Innovating What’s Next
It’s the type of scenario most of us would rather not ponder: water from the Hudson River filling New York City’s Holland Tunnel during rush hour, the nearby Houston and Canal Street subway stations in lower Manhattan likewise deluged.
For Francis “Fran” DiNuzzo ’78 ’81G, thinking about not just these scenes but their solutions — high-tech fabric plugs and barriers that can be quickly deployed to hold back up to 28 feet of water — is all in a day’s work. Since 2014, DiNuzzo has served as president and CEO of ILC Dover, a Delaware-based manufacturing company that develops high-performance engineered flexible materials for commercial and government use. While ILC is best known for manufacturing the space suits used by every U.S. astronaut for extravehicular missions since the first Apollo mission, DiNuzzo says his company’s reach is far broader. “We’re innovating what’s next in high-tech fabrics,” he says.
“The study of engineering is excellent preparation for a business career; [it] teaches you how to problem-solve by breaking things down.”
Following an itinerant childhood, DiNuzzo found a home in Durham, earning both his undergrad degree and a master’s degree in mechanical engineering at UNH. Prior to taking the helm at ILC Dover, he spent some 27 years with Hewlett Packard’s Agilent Technologies subsidiary and another six as president and CEO of Strategic Diagnostics — though only two-and-a-half of the nearly 35 years that comprise his manufacturing career involved hands-on engineering work.

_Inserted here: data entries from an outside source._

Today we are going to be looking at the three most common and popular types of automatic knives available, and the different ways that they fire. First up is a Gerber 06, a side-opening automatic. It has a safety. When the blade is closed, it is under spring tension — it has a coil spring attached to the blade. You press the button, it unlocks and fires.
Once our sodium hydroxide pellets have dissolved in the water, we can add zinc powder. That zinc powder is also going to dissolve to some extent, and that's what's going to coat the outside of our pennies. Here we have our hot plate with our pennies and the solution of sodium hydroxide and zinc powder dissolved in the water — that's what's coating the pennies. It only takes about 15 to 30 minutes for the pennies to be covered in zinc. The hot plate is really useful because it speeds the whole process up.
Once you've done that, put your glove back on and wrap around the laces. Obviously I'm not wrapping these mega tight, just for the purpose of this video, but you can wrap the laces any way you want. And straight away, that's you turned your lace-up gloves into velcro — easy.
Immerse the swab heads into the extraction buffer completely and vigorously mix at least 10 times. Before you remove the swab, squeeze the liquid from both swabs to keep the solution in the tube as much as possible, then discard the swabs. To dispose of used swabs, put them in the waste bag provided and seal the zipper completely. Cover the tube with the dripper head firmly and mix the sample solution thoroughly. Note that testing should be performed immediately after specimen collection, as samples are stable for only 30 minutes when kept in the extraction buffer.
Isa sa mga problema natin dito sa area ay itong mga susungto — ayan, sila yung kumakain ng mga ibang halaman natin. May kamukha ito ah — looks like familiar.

“The study of engineering is excellent preparation for a business career, “ says DiNuzzio, who completed a business minor at UNH. “Engineering teaches you how to problem-solve by breaking things down. [Mechanical engineering professor emeritus] Charlie Taft always pushed us to explore the why behind the work and experimentation we did in his class. It was great training.”

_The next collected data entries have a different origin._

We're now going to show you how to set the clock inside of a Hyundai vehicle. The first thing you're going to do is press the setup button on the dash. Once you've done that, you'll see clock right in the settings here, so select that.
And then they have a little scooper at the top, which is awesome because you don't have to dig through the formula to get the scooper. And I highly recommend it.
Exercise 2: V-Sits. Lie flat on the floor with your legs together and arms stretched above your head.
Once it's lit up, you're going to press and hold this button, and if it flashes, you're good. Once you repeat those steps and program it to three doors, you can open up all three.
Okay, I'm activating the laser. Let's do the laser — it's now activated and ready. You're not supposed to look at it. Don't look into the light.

UNH is also the place DiNuzzo met his wife, Gail ’79, ’81G. The couple lives in Pennsylvania, and while they make frequent trips back to New Hampshire to visit Gail’s mother in Newmarket, a quick visit to Durham in July was Fran’s first time back on campus in many years. “Kingsbury Hall has changed a lot,” he laughs. “It’s good to see that UNH is investing in STEM and keeping up with the pace of change in technology.”
“Our solutions are based on flexible materials, which are easy to store and easy to deploy. We’re using fabrics to solve problems that in the past have been addressed with steel.”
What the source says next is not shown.